Al di là dei singoli, l’Argentina costruita da Tata Martino sta illuminando la scena per il gioco di squadra offerto, e le valanghe di gol ne sono la diretta conseguenza: con Mascherano, Augusto Fernandez e Banega maestri nel strappare il pallone e far ripartire l’azione, la manovra argentina risulta molto poco ‘spagnola’, dedita cioè al lento palleggio orizzontale, ma piuttosto dominata da frizzanti verticalizzazioni volte ad entrare il prima possibile nell’area avversaria. Il colpo del fuoriclasse viene dopo, alla base di tutto vige una solida organizzazione che sta facendo esprimere al meglio qualsiasi interprete chiamato in causa. Una organizzazione che privilegia l’equilibrio: ecco perché Agüero è fuori, ecco perché Nico Gaitan è considerato il vice Messi o il vice Di Maria per eccellenza.
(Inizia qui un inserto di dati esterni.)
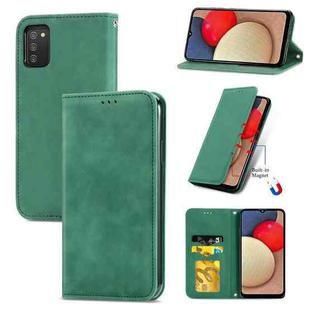 For Samsung Galaxy A03s 164mm Retro Skin Feel Magnetic Horizontal Flip Leather Case with Holder & Card Slots & Wallet & Photo Frame(Green)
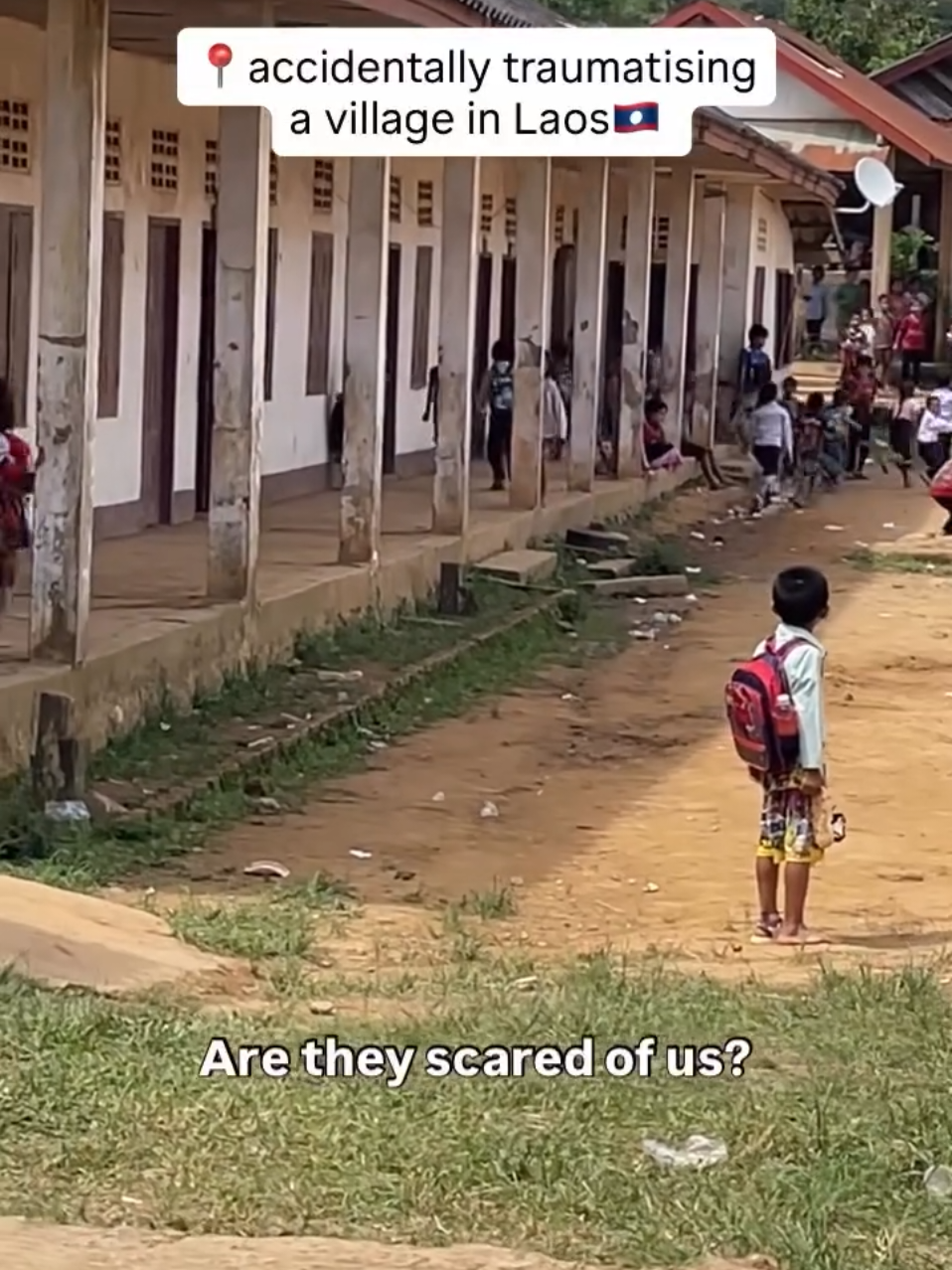 This white woman visited a school in a village in Laos. The kids were traumatised and scared to death, they started running away and hiding from her. What do you think was going on in their minds? #fyp  #mustwatch #kenyantiktok🇰🇪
Insieme a una difesa che se messa sotto pressione dimostra di non essere all’altezza degli altri due reparti, l’altro neo è proprio il giallo rimediato dalla nuova ala dell’Atletico Madrid, poi comunque uscito per un problema muscolare, costandole la squalifica per la semifinale. Di Maria probabilmente non recupererà, si scaldano dunque Lavezzi e Lamela, il cui biglietto da visita è stata la rete del 4 a 1 finale di Foxborough facente seguito alla punizione fortunata con i boliviani: da verificare tuttavia se cambiamenti continui possano creare delle falle a un sistema pressoché perfetto specie in una gara da nervi tesi come quella in programma martedì prossimo. Ora infatti arriva il difficile per la Selección, dovendo sfidare a Houston i padroni di casa degli Stati Uniti con due giorni in meno di riposo: dopo le ‘passeggiate’ a spese di Panama’, Bolivia e Venezuela, inizia il momento della verità per l’Argentina, il cui stato d’incantesimo è stato finora più forte di qualsiasi defezione.